A few cases have required a social media user to give his password, user name and log in ID to an opponent for ediscovery.  In these cases, the user was an individual.   But what if the user were an enterprise?

In Zimmerman v. Weis Markets Inc., an employee claimed he suffered great injury from a workplace accident, so he sued his employer.   But the public portions of his Myspace and Facebook sites contradicted some of his claims.   His employer surmised that non-public portions of his social sites would reveal more information relevant to his injury.

No Expectation of Privacy?

The Pennsylvania court compelled the employee to give to the employer his Myspace and Facebook passwords, user names and log in names.  The court dismissed the employee’s claims to privacy, saying, “Zimmerman voluntarily posted all of the pictures and information on his Facebook and Myspace sites to share with other users of these social network sites, and he cannot now claim he possesses any reasonable expectation of privacy to prevent [his employer] from access to such information.”

What Do Social Media Privacy Policies Say?

The court went on to say, “All the authorities recognize that Facebook and Myspace do not guarantee complete privacy.  Facebook’s privacy policy explains that users post any content on the site at their own risk and informs users that this information may become publicly available.”

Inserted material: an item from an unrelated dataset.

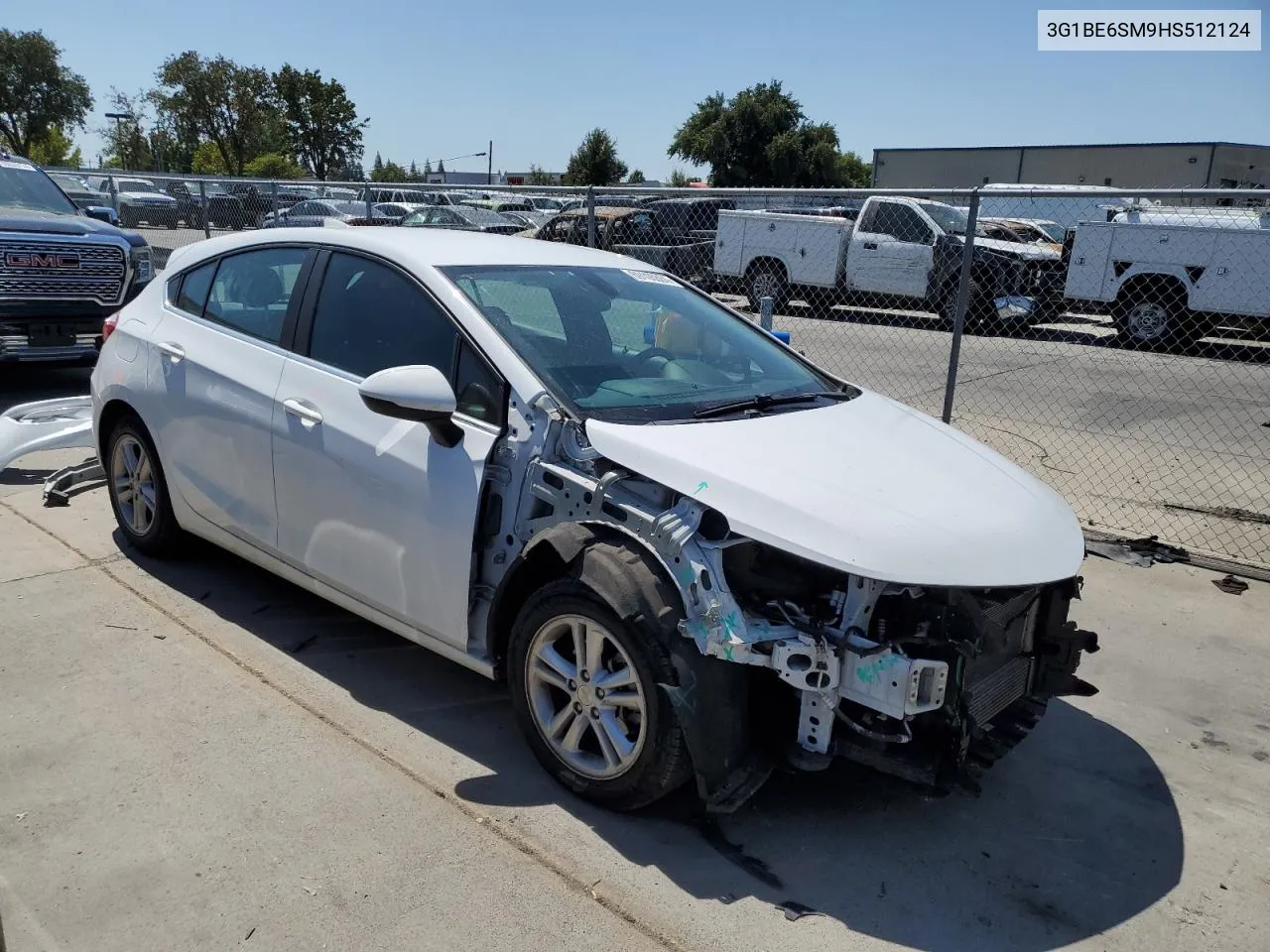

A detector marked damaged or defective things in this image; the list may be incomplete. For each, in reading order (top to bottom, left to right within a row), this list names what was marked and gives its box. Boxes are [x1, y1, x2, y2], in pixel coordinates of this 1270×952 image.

crumpled hood [0, 207, 146, 246]
damaged white hatchback [91, 229, 1103, 809]
crumpled hood [587, 393, 1080, 587]
broken headlight area [710, 539, 1095, 793]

Although the privacy policies at those sites are very complex, the court did not engage in an in-depth analysis of the precise words in those policies.

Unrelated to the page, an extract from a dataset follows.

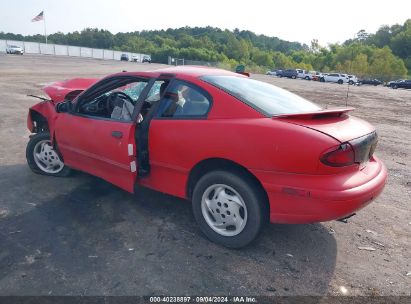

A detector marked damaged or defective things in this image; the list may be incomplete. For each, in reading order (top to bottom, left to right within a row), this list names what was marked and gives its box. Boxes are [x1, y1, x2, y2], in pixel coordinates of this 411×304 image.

damaged red car [25, 66, 386, 247]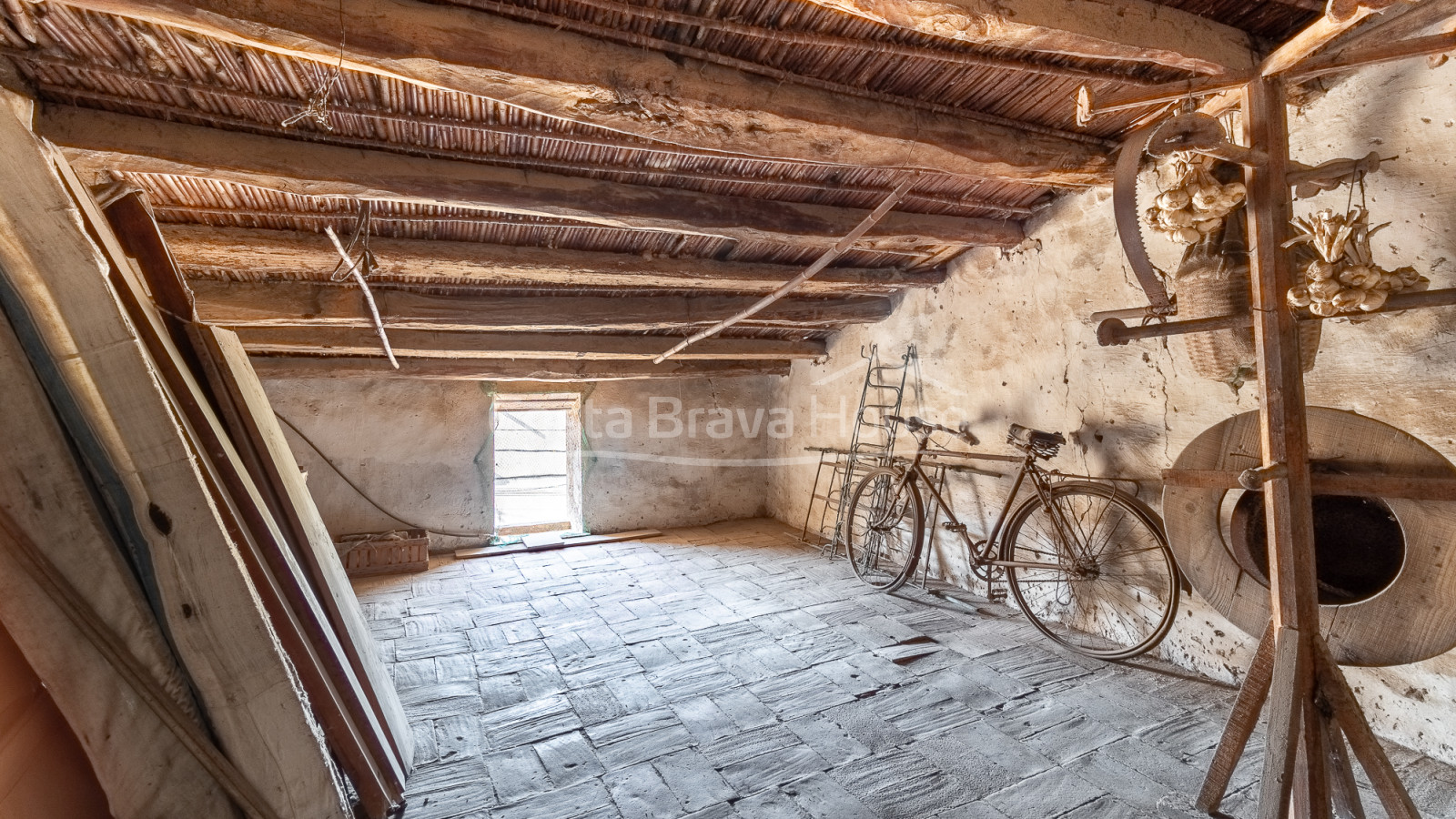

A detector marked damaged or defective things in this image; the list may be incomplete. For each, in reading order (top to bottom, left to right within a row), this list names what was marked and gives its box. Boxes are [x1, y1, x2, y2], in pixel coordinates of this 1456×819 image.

rusty bicycle [850, 413, 1176, 655]
cracked plaster wall [768, 56, 1456, 757]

Access to Email and Chat Messages?

Further, the court did not consider that those log-on credentials will grant access to the content of private, one-on-one chat or email messages, or messages that are the equivalent to private email.

Historically, in civil ediscovery, it has been more common to require an email user to turn over relevant messages -- one-by-one –- not to turn over his log-on credentials so the opponent can access all messages in his email account.

The configuration of social media sites is complex, and privacy for particular bits of information can often be adjusted with a fine degree of precision.  For example, in Google Plus, a user can “post” information on his page, but make it viewable by only one friend.  In effect, the “post” is analogous to a private email message to that friend.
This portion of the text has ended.